This thread has been locked.

If you have a related question, please click the "Ask a related question" button in the top right corner. The newly created question will be automatically linked to this question.

TM4C1294NCPDT: Firmware stops functioning

Part Number: TM4C1294NCPDT


Hello,

Firmware issue:

We have a custom board and sensors connected together, when the sensor is removed the device performs a software reset, after software reset it tries to setup the system from start and it goes into forever idle loop (the firmware stops functioning), and this issue happens ones in 400 - 500 tries to remove the sensor and then plug back in.

We suspect following issues: timing problem of tasks, or semaphore loses argument, semaphores looses counts, semaphore not called anymore, it goes into forever idle loop.

The following shows the firmware timing diagram. after 40 ads packets it sends it to the PC, that is why the time after the second red dashed line is used up.

- Is there a way to debug these errors, because of 1 in 500 occurrence?

  • Hi,

    We suspect following issues: timing problem of tasks, or semaphore loses argument, semaphores looses counts, semaphore not called anymore, it goes into forever idle loop.

      I'm really not an TI-RTOS expert but I'm not fully convinced that it is a TI-RTOS kernel problem yet. It seems to me that the semaphore is not getting posted in your application and the tasks are pending waiting for it. I guess you need to find out why there is no semaphore posted. Another thing to look at is if your tasks are pending with a long timeout? You can configure the PEND with a timeout so it won't get stuck. Below is a recommendation from TI-RTOS training material. 

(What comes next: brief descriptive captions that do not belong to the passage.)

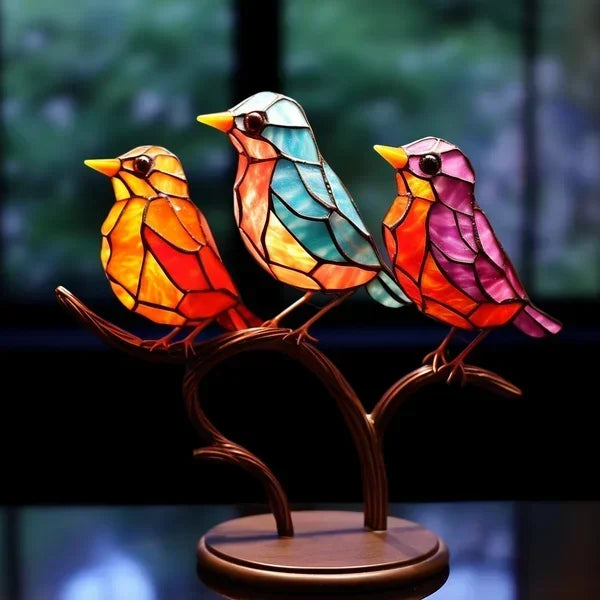 GlassWing | Decorative Glass Birds – Artistic Luxury Home Accent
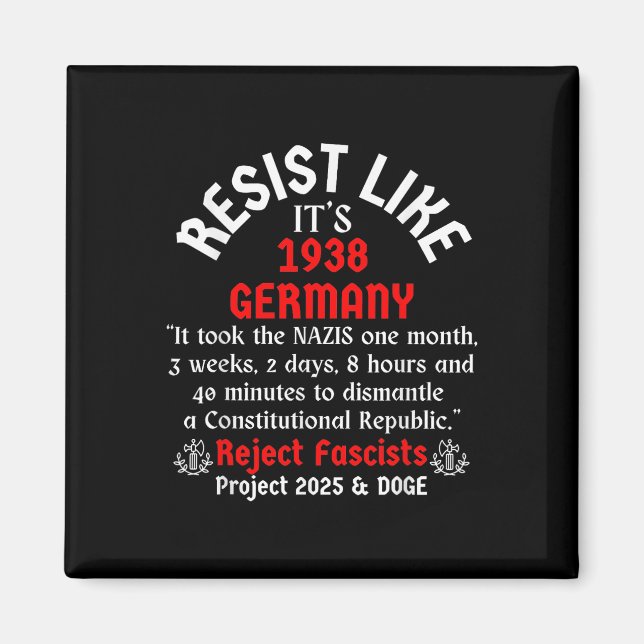 Aimant Résistez Comme Son Allemagne De 1938 _2 (Devant)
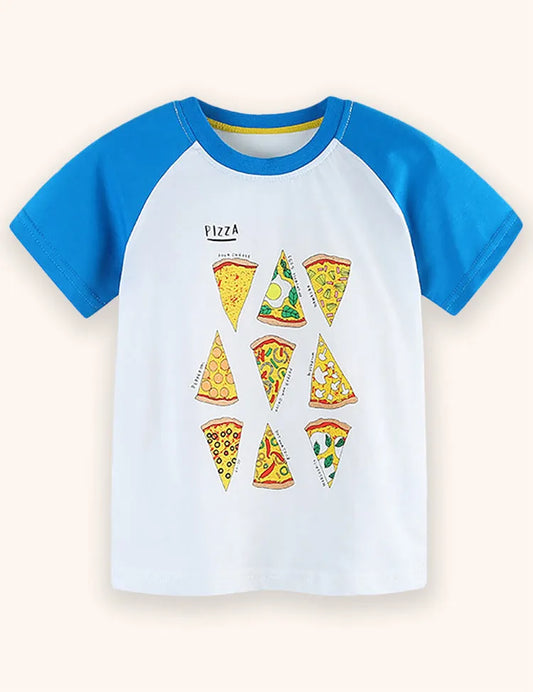 T-shirt stampata pizza gourmet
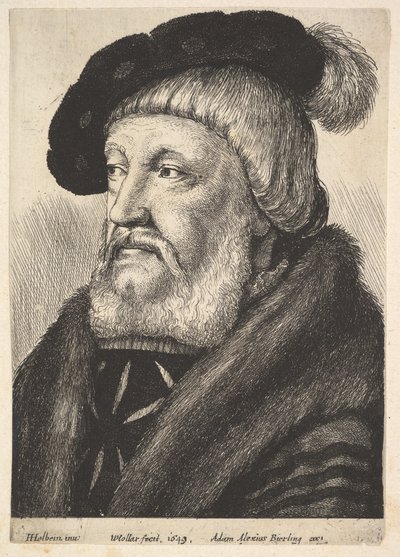 Sir William Butts, 1649. tekijältä Wenceslaus Hollar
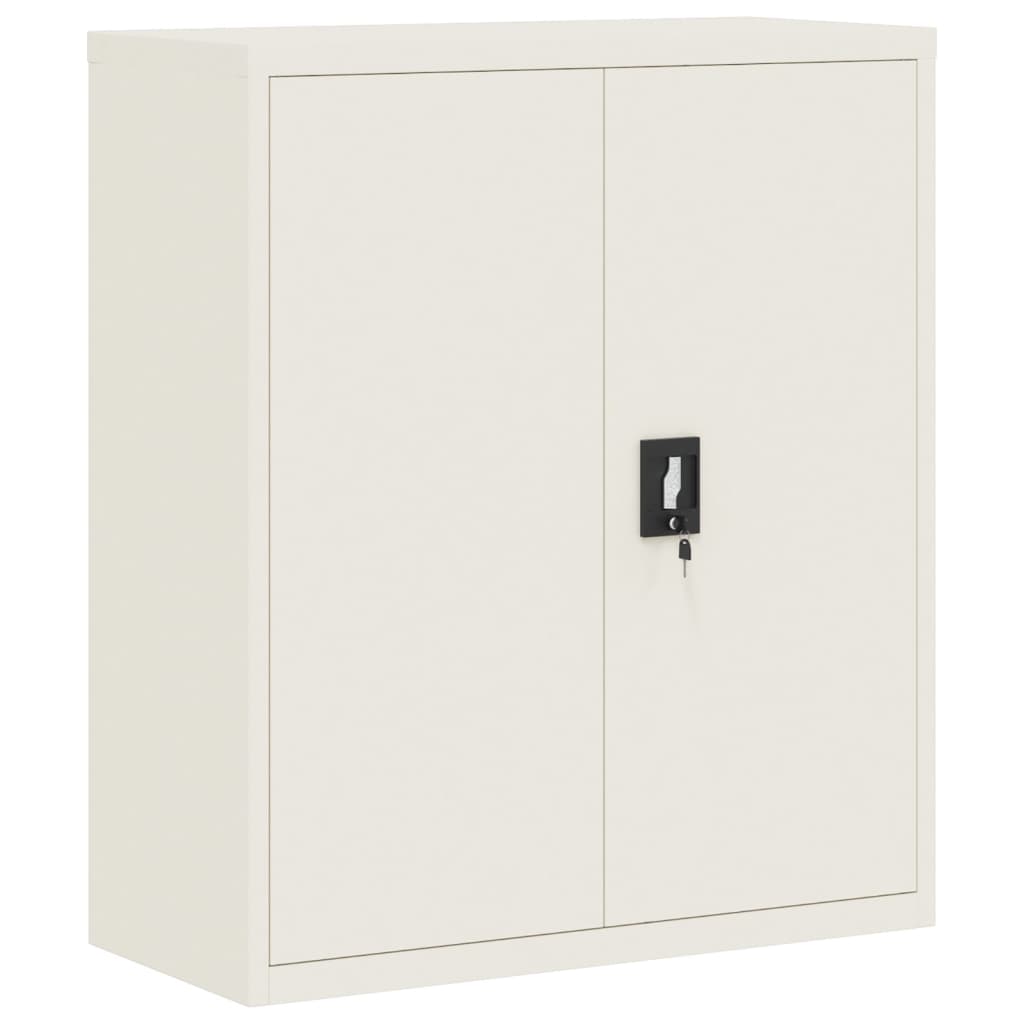 Armadio Classificatore Bianco 90x40x105 cm in Acciaio 339736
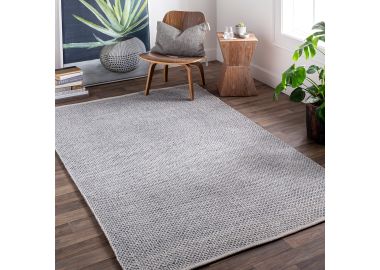 שטיח עבודת יד אזליאה אפור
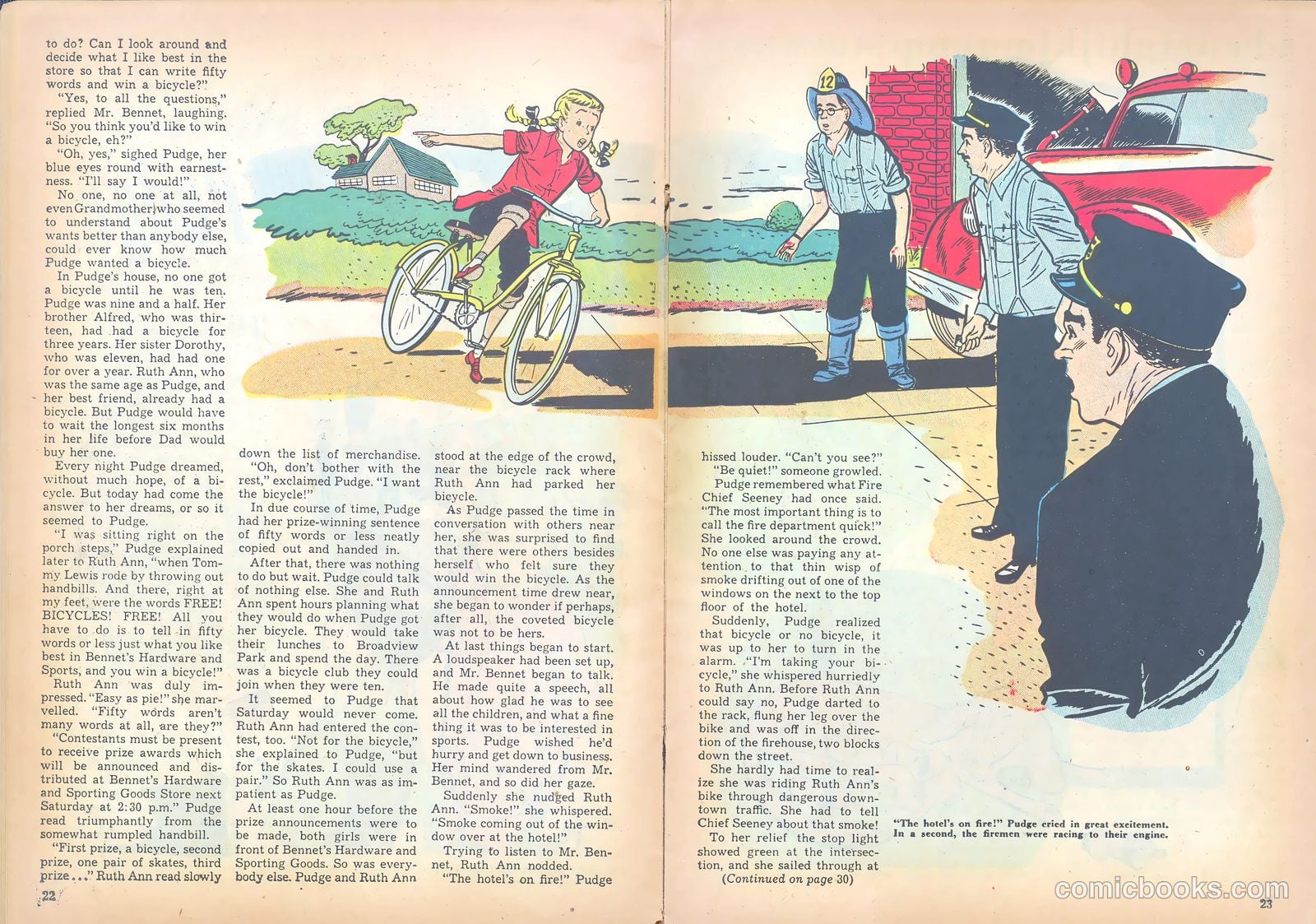 Polly Pigtails #38 (1949) — page 22 of 51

    Note: We recommend you use timeouts on your PEND calls so that your code will never get “stuck” waiting for a Semaphore that never gets posted. If you make the timeout long enough, you can be assured that it won’t timeout before a reasonable time has expired. When you use timeouts, however, ALWAYS CHECK THE RETURN VALUE OF THE PEND ! If you don’t, you could process data that is not there and cause problems. There are two ways to get to the line of code after the PEND – either you got the Semaphore or you timed out. One means “process the data” and the other means “ooops, there was a problem”. So, handle these accordingly.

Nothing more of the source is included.